Task description >>
Please tally the lines of the listing that hold the string "photo", and reply with that total only.

[[ Input data open ]]

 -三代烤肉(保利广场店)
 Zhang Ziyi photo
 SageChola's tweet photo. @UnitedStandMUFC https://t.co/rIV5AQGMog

[[ Input data closed ]]

Reply to the exercise >>
2